As I’ve been reading through Metaxas’ Bonhoeffer, I’ve been increasingly intrigued by the “mob mentality” that seemed to be sweeping through Germany shortly after Hitler was made Führer (a German concept for supreme leader). Hitler’s ambition was to eventually rid Germany of religion (i.e., Christianity), but some of his underlings formulated a plan to go from removing the church to replacing the church. How could the Nazi’s keep the “unity” of the people and yet increase the Nazi’s power over that people? Simple: restructure the church away from biblical Christianity and have it focus on Nazi principles.

Therefore, Alfred Rosenberg, the notorious Nazi war criminal who was later hanged at Nuremberg, came up with a 30 point program for the National Reich Church. Before we lay out the five that Metaxas lists in his biography, we need to understand more on Rosenberg.
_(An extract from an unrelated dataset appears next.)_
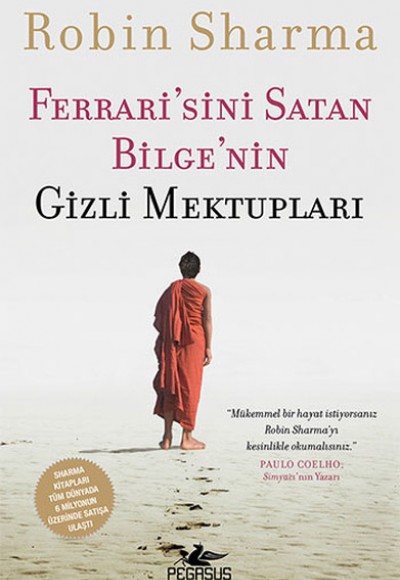 Ferrari'sini Satan Bilge'nin Gizli Mektupları Ferrari'sini Satan Bilge'nin Gizli Mektupları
Rosenberg was a pagan. Not a pagan in the sense of simply being an unbeliever. No, Rosenberg was a pagan in the sense of Nordic religion and polytheism. He was seeking to introduce these pagan views into the official church of the Third Reich. In order to do so, he put together his 30 point program, which included the following:

13. The National Reich Church demands immediate cessation of the publishing and dissemination of the Bible in Germany…

14. The National Reich Church has to take severe measures in order to prevent the Bible and other christian publications being imported into Germany.\

18. The National Reich Church will clear away from its altars all crucifixes, Bibles and pictures of Saints.

19. On the altars there must be nothing but “Mein Kampf”, which is to the German nation and therefore to God the most sacred book, and to the left of the altar a sword.

30. On the day of its foundation, the Christian cross must be removed from all churches, cathedrals and chapels within the Reich and its colonies and it must be superseded by the only unconquerable symbol of Germany the “Hakenkreuz” (swastika).

So the Nazi “church” would remove the Bible and the cross, thus removing the two items that ensure that an organization is the Church. Thus, Bonhoeffer would eventually take part in standing against this concept of “church.”